Giter VIP home page Giter VIP logo

Comments (9)

nimbusgo avatar nimbusgo commented on August 31, 2024

this seems like an issue:

    val f = (x:Int) => x*2
    val s = spore{(x:Int) => x*2}

    println(f.isInstanceOf[Serializable]) //true
    println(s.isInstanceOf[Serializable]) //false

from spores.

nimbusgo avatar nimbusgo commented on August 31, 2024

Oh I think I was definitely missing something, I think this is the intended usage? This works with spark now.

    val s = spore { (x:Int) => x * 2 }
    val res  = s.pickle

    def unpack(jSONPickle: JSONPickle)={
      jSONPickle.unpickle[Spore[Int, Int]]
    }

    sc.parallelize(1 to 5).map(x => {unpack(res)(x)}).foreach(println)

This is great and I think I'll be able to use this with spark now.

from spores.

nimbusgo avatar nimbusgo commented on August 31, 2024

hmm, the json that comes out has something like this in it:

"className": "my.package.SomeClass$$anonfun$10$anonspore$macro$24$1"

And it only works if you unpickle this where you have that function on the classpath. You can't ship it somewhere else and unpickle it.

Is there any way to serialize a spore that can be run somewhere else, or is that a topic of future research?

from spores.

jvican avatar jvican commented on August 31, 2024

Yes, the className is the prefix name of the Unpickler and Pickler that you'll use when you receive the spore in the recipient. However, note that this class name depends on the place it's defined. If you want to be able to unpickle this in the recipient, you'll need to share the same program in both master and worker.

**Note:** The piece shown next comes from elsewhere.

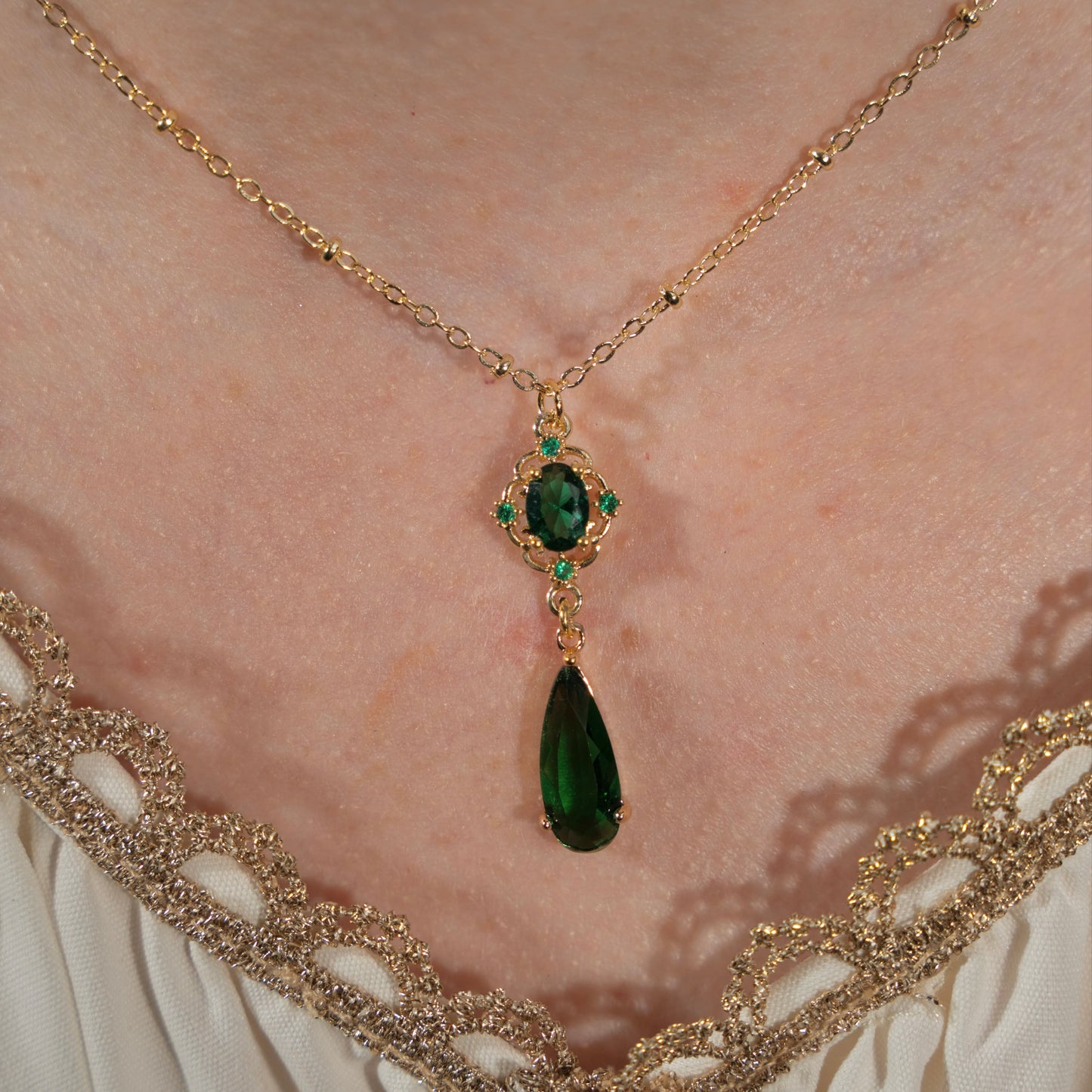 Emerald Droplet Crystal Gemstone Necklace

Therefore, you'll have in both sides a class SomeClass defined in my.package.

from spores.

heathermiller avatar heathermiller commented on August 31, 2024

Hotswapping (dynamically loading new classfiles) is not future work – there's been decades of not-so-successful research involving mobile code. Security is the biggest problem on that front as I'm sure you can understand.

So if you'd like to use spores, you'd have to do what Spark does and ship new jars to workers.

from spores.

jvican avatar jvican commented on August 31, 2024

Could we close this and, maybe, add this to the README project so that people know better this limitation from the beginning?

from spores.

samthebest avatar samthebest commented on August 31, 2024

The conclusion of this thread isn't clear to me. The jar does get shared to the workers from the driver in Spark, so spores can work.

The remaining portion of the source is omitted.